### ASSIGNMENT
The material below holds pictures; leave them out and reproduce exactly the lines from the one with "39 Leabons Lane, Seven Hills NSW 2147" through the one with "Dining Kitchen", inclusive.

### GIVEN DATA

+ + + + + + +

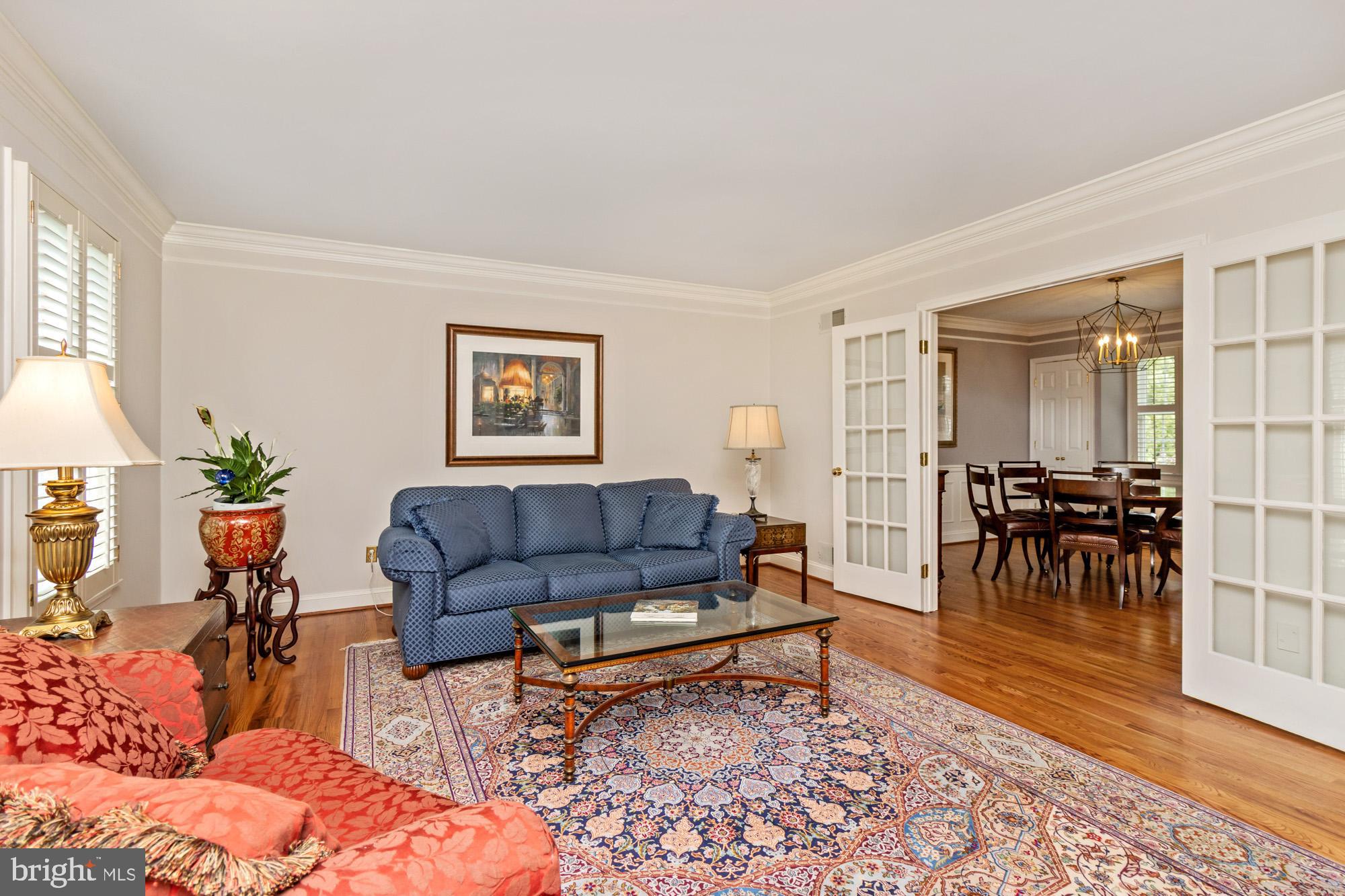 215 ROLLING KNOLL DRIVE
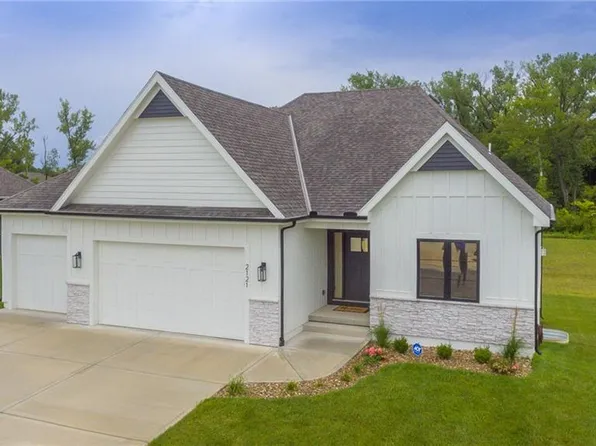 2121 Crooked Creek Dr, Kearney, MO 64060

+ + + + + + +

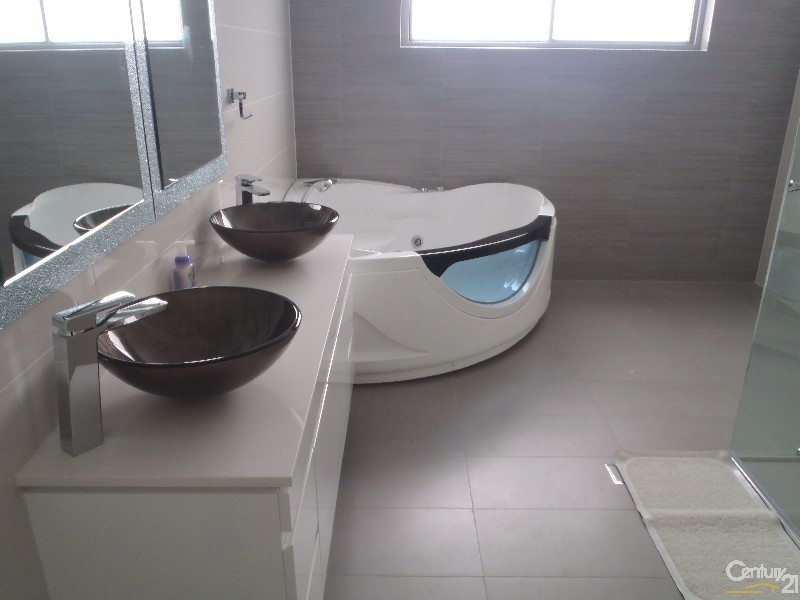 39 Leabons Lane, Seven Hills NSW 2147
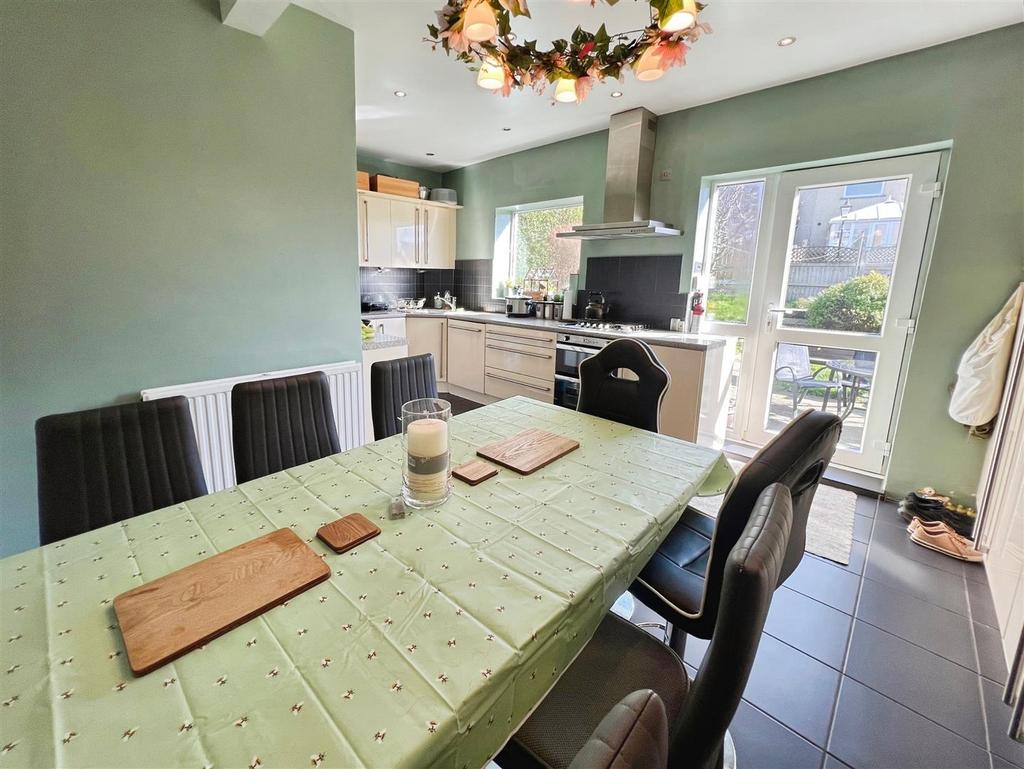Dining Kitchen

+ + + + + + +

### EXERCISE ANSWER
 39 Leabons Lane, Seven Hills NSW 2147
Dining Kitchen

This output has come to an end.